▶ TASK INPUT
┌──

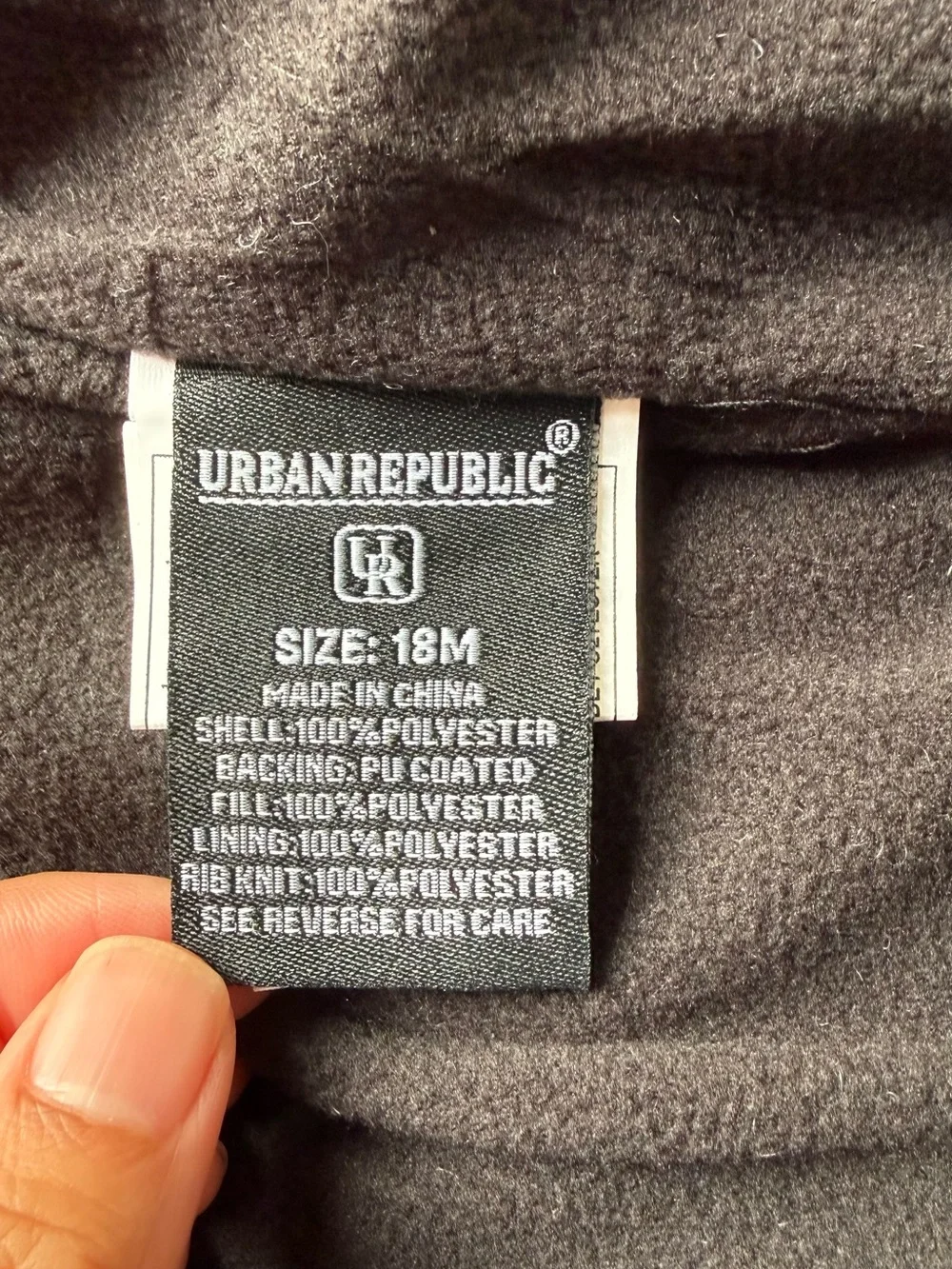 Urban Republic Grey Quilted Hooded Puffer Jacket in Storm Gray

└──
┌──

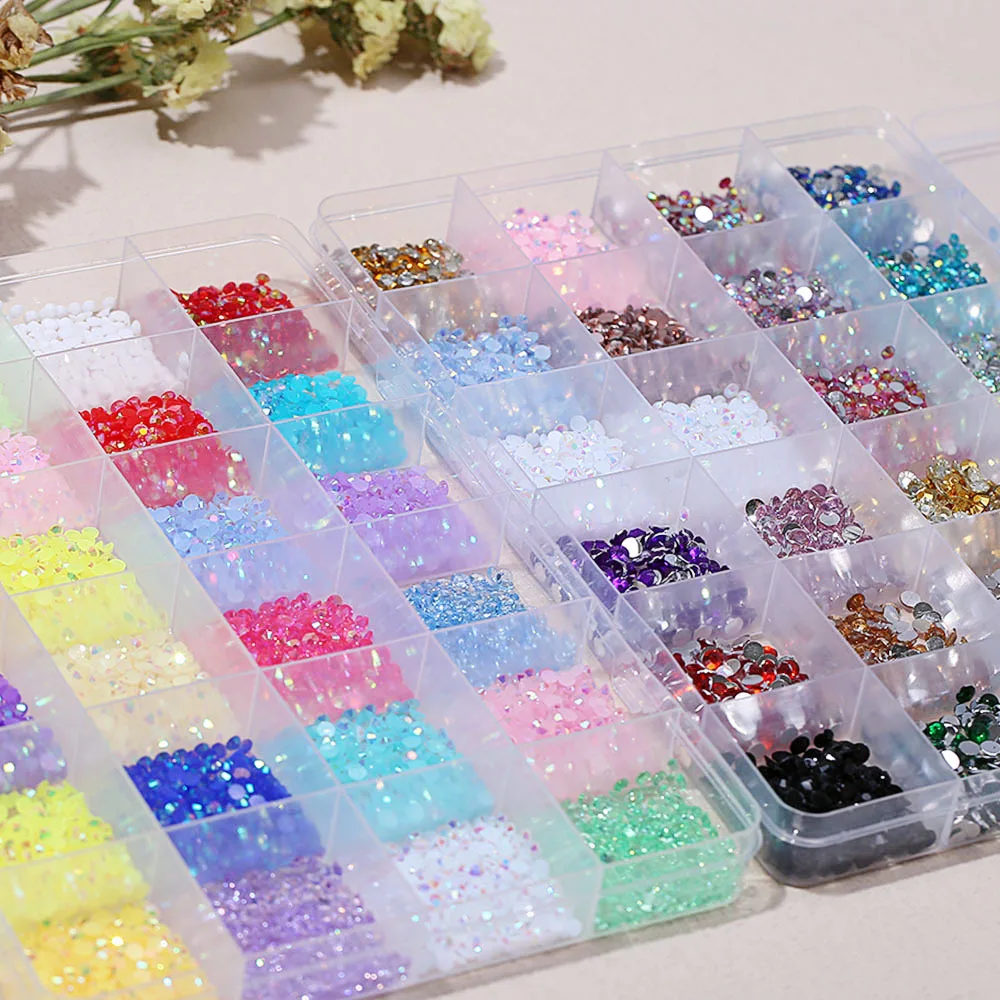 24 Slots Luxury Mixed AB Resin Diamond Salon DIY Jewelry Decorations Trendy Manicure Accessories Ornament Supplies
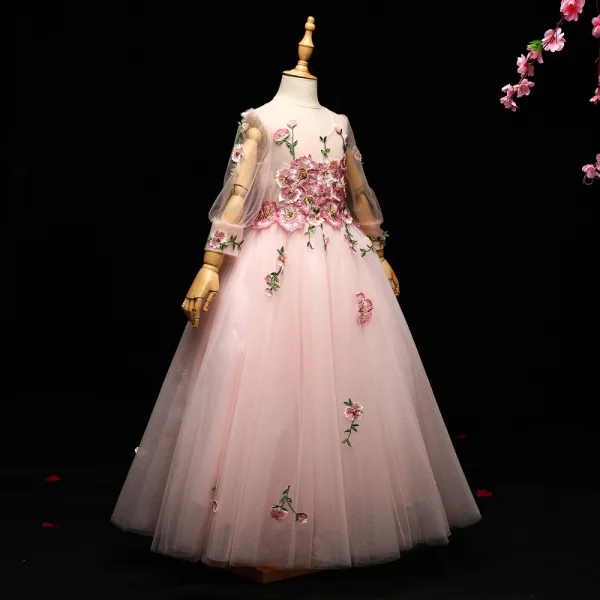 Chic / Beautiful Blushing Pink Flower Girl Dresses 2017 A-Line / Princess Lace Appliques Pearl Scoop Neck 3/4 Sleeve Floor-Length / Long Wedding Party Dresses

└──
┌──

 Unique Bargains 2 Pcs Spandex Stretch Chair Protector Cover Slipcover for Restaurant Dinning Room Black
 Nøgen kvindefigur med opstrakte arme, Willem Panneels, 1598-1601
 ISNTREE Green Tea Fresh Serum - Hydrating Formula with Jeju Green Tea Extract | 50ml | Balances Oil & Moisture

└──

▶ DIRECTIONS FOR THIS TASK
Word for word, restate the lines of the listing above starting at the line with "Unique Bargains 2" and ending at the line with "ISNTREE Green Tea", and nothing outside them.

▶ RESPONSE TO THE EXERCISE
 Unique Bargains 2 Pcs Spandex Stretch Chair Protector Cover Slipcover for Restaurant Dinning Room Black
 Nøgen kvindefigur med opstrakte arme, Willem Panneels, 1598-1601
 ISNTREE Green Tea Fresh Serum - Hydrating Formula with Jeju Green Tea Extract | 50ml | Balances Oil & Moisture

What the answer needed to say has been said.